Thanks, I'll file a bug report.

> 
> However, I notice you've had a several attempts with ~zero probability, and
> then suddenly 1 because the energy difference between the two replicas has
> changed sign. That's a bit unlikely. Volume doesn't look like it changed
> much. You could try
> a) NVT REMD (to see if that has the problem)

I get the same issue with NVT. Segfault right at the first successful exchange.
Also energy difference between two replicas changed sign here again.
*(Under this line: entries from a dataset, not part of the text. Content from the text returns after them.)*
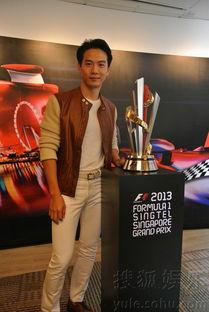 f1的明星网红,闪耀速度与激情的焦点人物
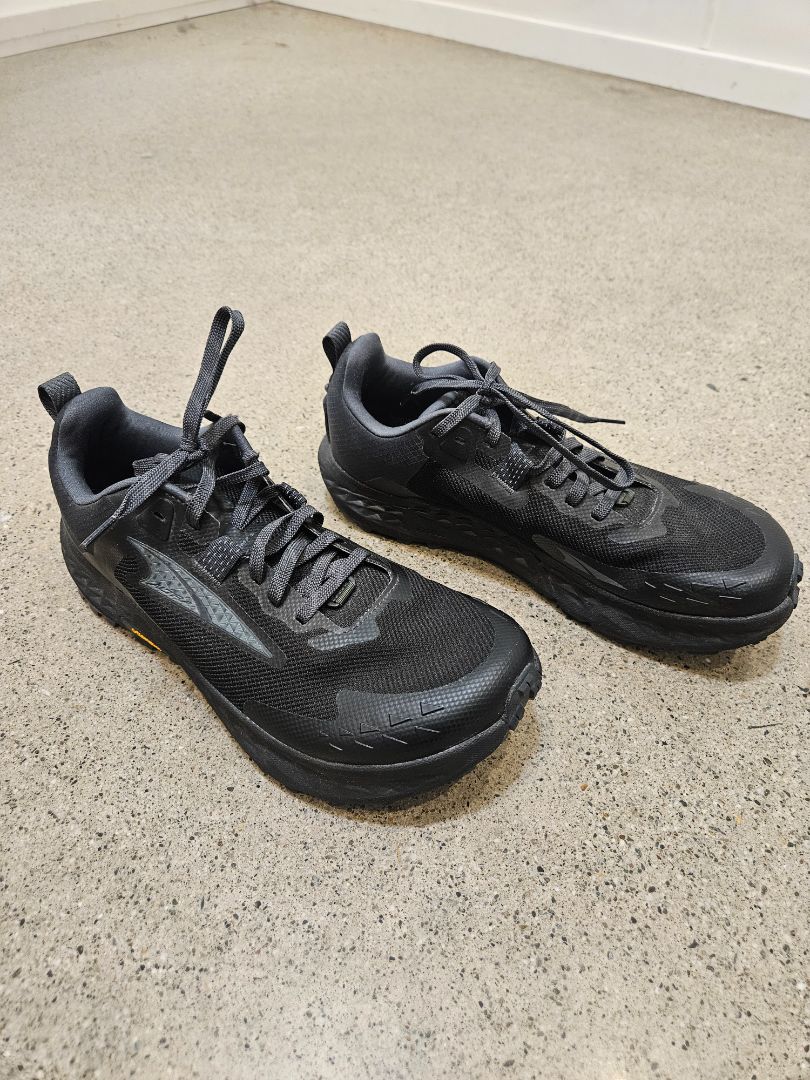 Black Altra Timp 5, EU 42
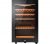 HAIER HWS49GA Wine Cooler – Black, Black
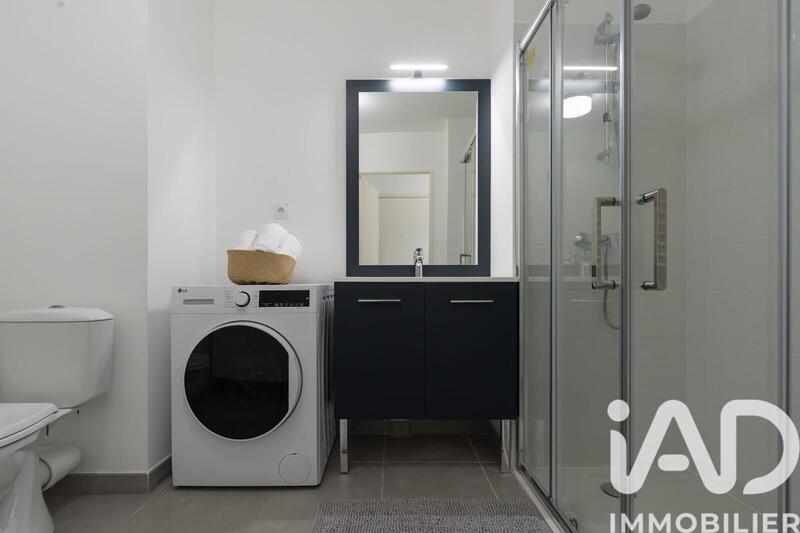 Appartement - 45 m² - 1 pièce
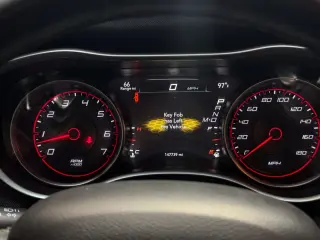 2016 DODGE CHARGER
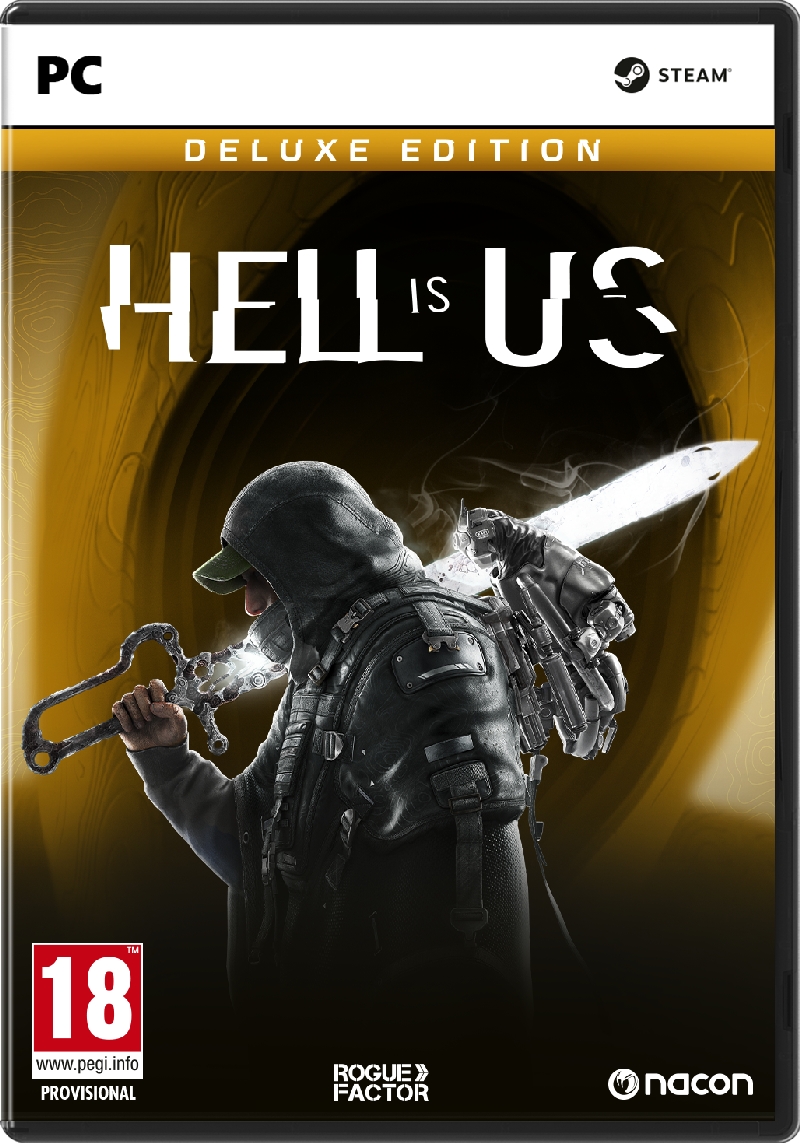 HELL IS US DELUXE EDITION (CODE IN A BOX) PC
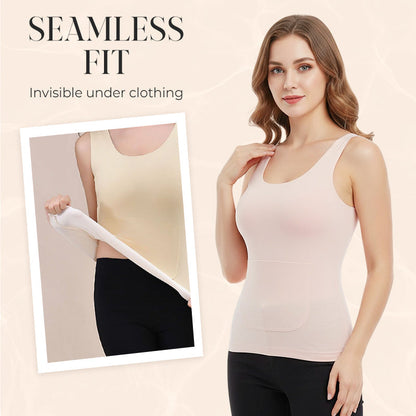 Thermals Base Layer Linne för kvinnor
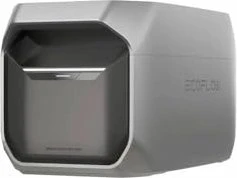 EcoFlow DELTA 3 Intelligente Zusatzbatterie Erweiterungsakku, 1024Wh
> b) more equilibration before NPT REMD (in case life is just not stable yet,
> but still there'd be a problem for GROMACS to fix)

I will try this and report if it helps on the bug report.

> c) inspecting the energy components near the final step to see what energy
> component has jumped (in case there's a bug somewhere before REMD got
> involved)

Looking through the energy file with gmx energy nothing seems to stand out.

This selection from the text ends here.